Le Premier ministre israélien Benjamin Netanyahu s’est employé jeudi à désamorcer la colère musulmane autour de l’ultra-sensible esplanade des Mosquées à Jérusalem-Est, au moment où quelques dizaines d’extrémistes juifs défiaient ses appels à faire retomber la tension.

Environ 150 d’entre eux, des jeunes religieux pour la plupart, se sont dirigés en soirée vers la Vieille ville que surplombe l’esplanade pour réclamer non seulement le droit d’y prier, mais aussi de reprendre possession de ce qu’ils appellent le mont du Temple, selon un journaliste de l’AFP.

«Le peuple juif est lié au mont du Temple», a lancé l’ancien député Michael Ben Ari, «Pourquoi nos ancêtres priaient-ils? Pour les bars de Tel-Aviv, pour la promenade de Haïfa? Ils priaient pour revenir sur le mont du Temple». Les extrémistes n’avaient quasiment aucune chance que les policiers les laissent approcher de l’esplanade. Ils se sont donc résignés à achever leur marche auprès du mur des Lamentations, au pied de l’esplanade, mais les policiers ne les ont même pas laissés aller jusque-là. Les extrémistes ont dû prier devant le poste contrôlant l’accès au mur.

Dans le climat de crispation auquel Jérusalem-Est est en proie depuis l’été, l’appel à marcher «jusqu’aux portes du mont du Temple» faisait redouter une nouvelle flambée de violences après celle que les mêmes extrémistes avaient provoquée la veille sur l’esplanade et qui s’est ensuite propagée à plusieurs quartiers. Neuf personnes, dont quatre auteurs ou auteurs présumés d’attaques, ont été tuées depuis juillet. Depuis une première attaque de la sorte le 22 octobre, «188 personnes, dont 71 mineurs, ont été arrêtées» à Jérusalem-Est, selon la police. Depuis l’été, ce sont près d’un millier de Palestiniens qui ont été interpellés.

Réaction de la Jordanie

L’esplanade des Mosquées, troisième lieu saint de l’islam, est au cœur des tensions.
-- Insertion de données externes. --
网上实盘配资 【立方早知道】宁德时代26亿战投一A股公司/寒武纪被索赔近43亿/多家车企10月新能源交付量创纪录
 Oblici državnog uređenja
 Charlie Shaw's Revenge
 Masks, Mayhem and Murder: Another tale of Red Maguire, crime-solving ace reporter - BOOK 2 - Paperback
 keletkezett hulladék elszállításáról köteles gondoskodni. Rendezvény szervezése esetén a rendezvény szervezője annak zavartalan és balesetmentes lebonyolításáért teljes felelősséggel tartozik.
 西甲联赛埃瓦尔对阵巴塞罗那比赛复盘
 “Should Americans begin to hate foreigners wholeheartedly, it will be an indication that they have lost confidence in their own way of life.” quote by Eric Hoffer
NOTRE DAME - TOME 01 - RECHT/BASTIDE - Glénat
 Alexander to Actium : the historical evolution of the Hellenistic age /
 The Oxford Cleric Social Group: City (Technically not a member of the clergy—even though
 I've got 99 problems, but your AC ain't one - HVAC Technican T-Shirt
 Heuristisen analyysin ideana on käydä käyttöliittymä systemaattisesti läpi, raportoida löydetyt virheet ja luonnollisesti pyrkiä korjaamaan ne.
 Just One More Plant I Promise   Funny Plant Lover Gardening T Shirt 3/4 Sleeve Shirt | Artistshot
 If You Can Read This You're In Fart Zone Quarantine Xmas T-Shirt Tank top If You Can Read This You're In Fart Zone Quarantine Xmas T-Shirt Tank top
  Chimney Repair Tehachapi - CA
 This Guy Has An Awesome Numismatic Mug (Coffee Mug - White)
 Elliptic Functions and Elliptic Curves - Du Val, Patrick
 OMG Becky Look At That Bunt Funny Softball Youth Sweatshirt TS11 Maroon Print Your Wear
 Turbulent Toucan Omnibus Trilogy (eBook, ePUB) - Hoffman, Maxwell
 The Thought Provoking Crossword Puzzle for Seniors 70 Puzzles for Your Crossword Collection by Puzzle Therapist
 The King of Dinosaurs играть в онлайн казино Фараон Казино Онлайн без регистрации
Les extrémistes juifs indignent les musulmans en réclamant le droit de prier sur l’esplanade qu’ils vénèrent comme le site du Temple juif détruit par les Romains en l’an 70 et dont l’unique vestige est le mur des Lamentations, en contrebas. Les plus ultras dressent des plans pour le reconstruire.

La Jordanie, gardienne du site et en tant que telle porte-parole de l’exaspération musulmane, a rappelé son ambassadeur en Israël. L’un des deux seuls pays arabes à avoir conclu un accord de paix avec Israël s’est dit prêt à prendre des mesures.